= WORK TO COMPLETE =
Within the records below, find the line with "ACCUSER - WHO DOMINATES WHO? - Меломания" and the line with "Orange Party Mix 2 (click to enlarge)", then reproduce exactly those two lines and all lines between them, without any picture.

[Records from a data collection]
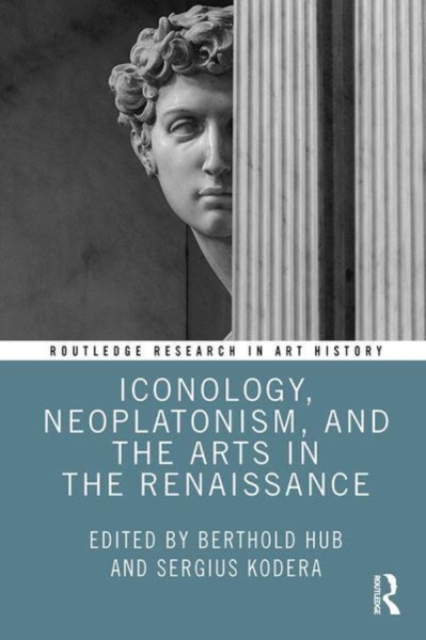 Iconology, Neoplatonism, and the Arts in the Renaissance, Paperback / softback Book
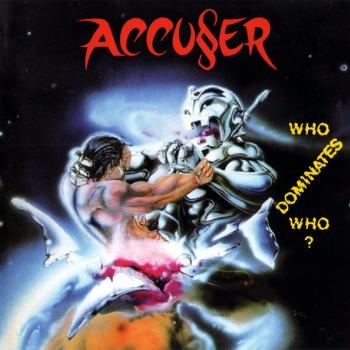ACCUSER - WHO DOMINATES WHO? - Меломания
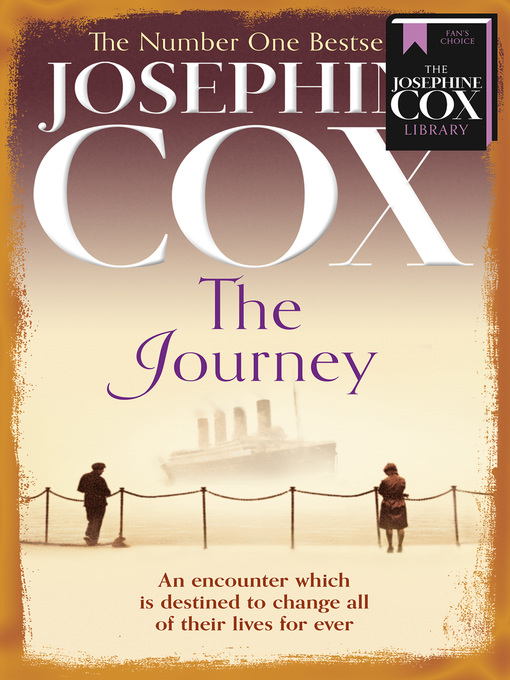 Title details for The Journey by Josephine Cox - Available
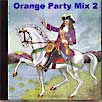 Orange Party Mix 2 (click to enlarge)
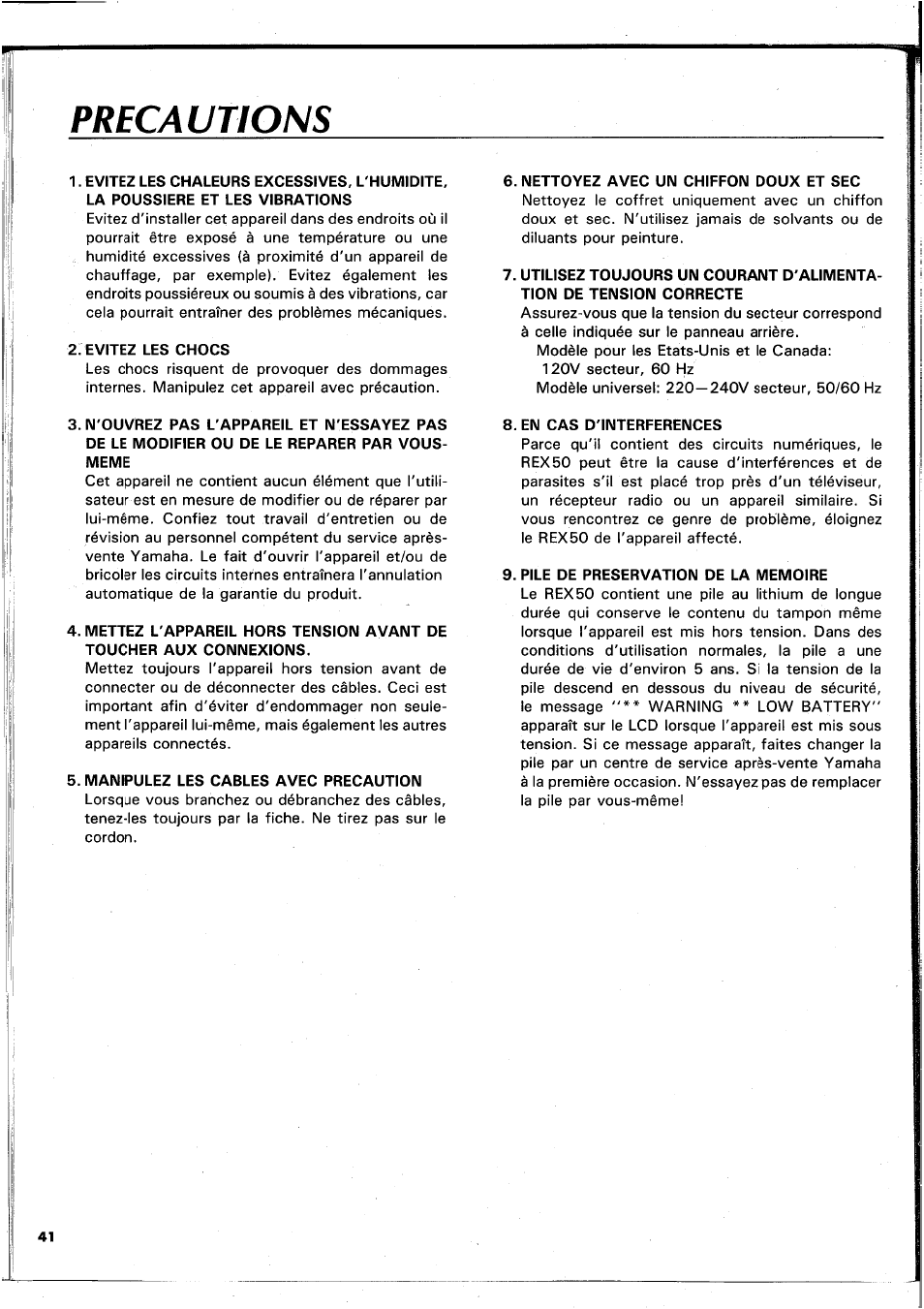 Precautions, Evitez les chocs, Manipulez les cables avec precaution | Nettoyez avec un chiffon doux et sec, En cas d'interferences, Pile de preservation de la memoire | Yamaha REX50 User Manual | Page 42 / 115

= ANSWER SECTION =
ACCUSER - WHO DOMINATES WHO? - Меломания
 Title details for The Journey by Josephine Cox - Available
 Orange Party Mix 2 (click to enlarge)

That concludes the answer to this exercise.